ロルフィングセッションの大きな特徴は、受け手本人に参加してもらうことです。
「その人自身が、自分の身体に目を向け、身体への考え方や付き合い方を変えることが、健康を保つのに欠かせないのではないか」
そんな考えが基本にあるからです。
日常での身体の使い方や、毎日の過ごし方が、姿勢や健康に大きく影響します。
ということは、その要素が変化すれば、身体も変わるのです。
僕は、この視点に大きく助けられたので、セッションの中で、習慣や癖に気付き、それを手放し、本来の動きを手にする練習に時間をかける傾向があります。
アメリカのインストラクターが「あなたの、この部屋での歩き方が、あなたの人生の歩き方だ」という言葉を残しています。
人生の歩き方が、その在り方が、今の瞬間の部屋の歩き方に現れているということです。
どのような価値観で、どんなことを考えて生きているのかが、動き方に大きな影響を与えています。
身体や動きが変わるためには、いわゆる「方法」だけではない、別の何かが変わる必要があるとも言えるでしょう。
ロルフィングコミュニティーは、動きの変化を通して、身体(姿勢)の変化を探っていくアプローチを「ロルフムーヴメント」と名付け、発展させてきました。
ロルファーの認定とは別に、ロルフムーブメントの資格認定トレーニングがあります。
僕はロルファーになって3年目に、シドニーでのトレーニングコースに参加しました。
そこでは教え方よりも、ロルファー自身が、自分の身体への気付きを高めることに主眼が置かれていました。
自分の身体感覚を伴って学ばない限り、深まっていかないからです。
大きな助けになったのは「正しく動きたいと強く考えるだけでは上手くできない仕組みなのだ」という理解でした。
リラックスする方が良いということを、感覚的にも、理論的にもようやく納得できたのだと思います。
ちゃんとしようと思うことで、身体の奥が収縮すること。
無意識で続けている、小さい時に覚えた背中を緊張させる立ち方。
誤った解剖学の知識や、身体に持っているイメージ。
身体の内部や周辺にある、空間を感じにくい領域の存在。
目、耳、口などの感覚器官の緊張感。
このような、ほぼ無自覚な癖は、姿勢や動き方に大きな影響を与えています。
そこに意識を向け、はたらきかけることで、これまでとは違う身体が体験できます。
それは、脳の中にあるプログラム、情報、地図、設定を変えることで、身体の変化を促すような作業だと言えるでしょう。

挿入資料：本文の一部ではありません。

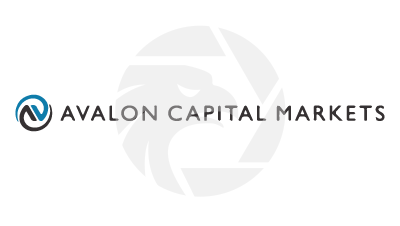 Avalon Capital Markets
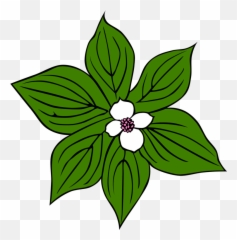 Plantfloraleaf Png Clipart - Royalty Free Svg Png Tropical Rainforest Plants Drawing,Rainforest Png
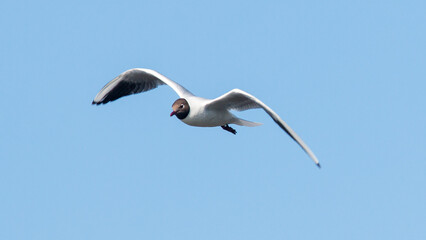 Fototapeta premium seagull in flight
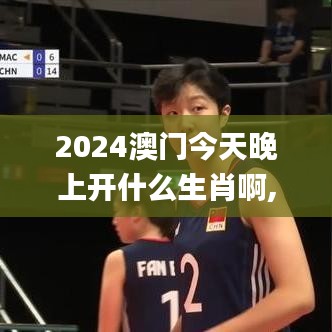 2024澳門今天晚上開什么生肖啊,精細(xì)設(shè)計(jì)計(jì)劃_戶外版11.322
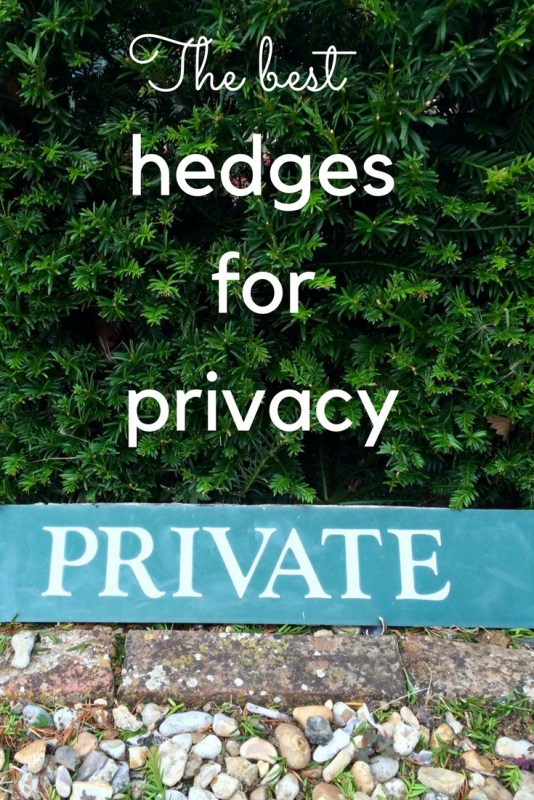 How to choose and plant the perfect privacy hedge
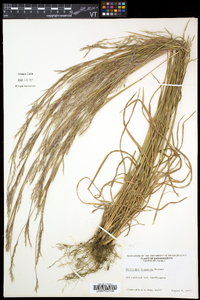 Schizachyrium scoparium var. scoparium image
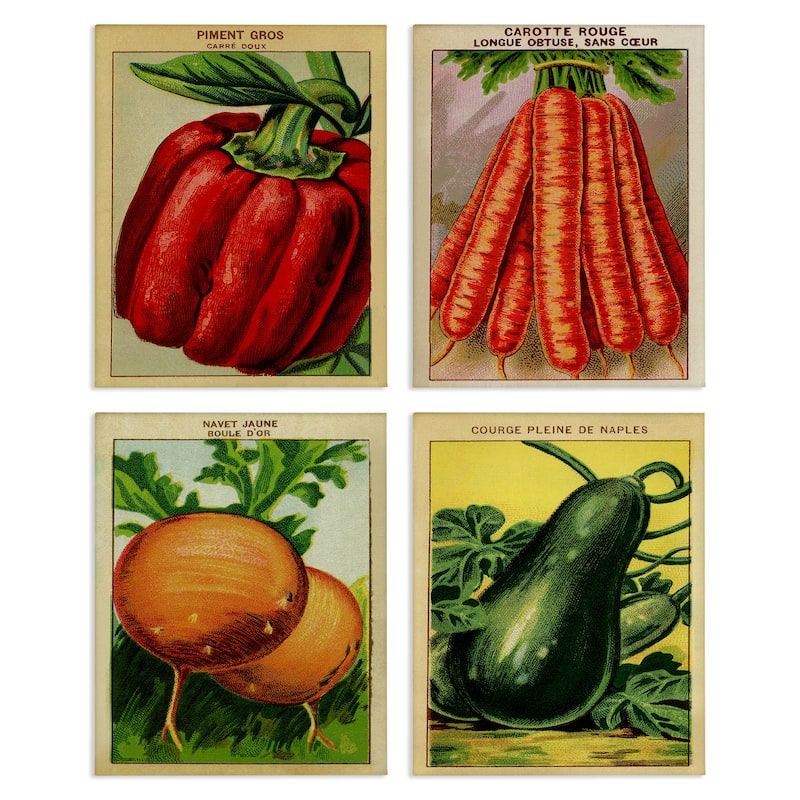 Stupell Rustic Garden Vegetables Canvas Wall Art Design By Lil' Rue (Set of 4) - 16 x 20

トレーニングコースの終わり近く、インストラクターに言われた言葉があります。
「今は感じられないと思うけど、あなたの胸(ハート)の中には、もっと広大な空間がある。それは、もっと大きく、もっと深い」
だから、それを見続けていきなさい、いつか感じられるようになると。
その時から、普段の生活や日々のセッション、さまざまな学びの中で、その言葉を心に留めて過ごしました。
今、「本当にそうだったんだな、それが感じられるようになるんだな」と、感謝の気持ちと共に、その言葉を思い返します。
皆さんにも、当然広がっている空間です。
それに気づいていきましょう。
ささやかな感覚の違いに目を向け、それに気づき続けることが、大きな変化につながる。
そんなロルフムーブメントから学んだ視点が、僕のロルフィングセッションの核になっていると感じます。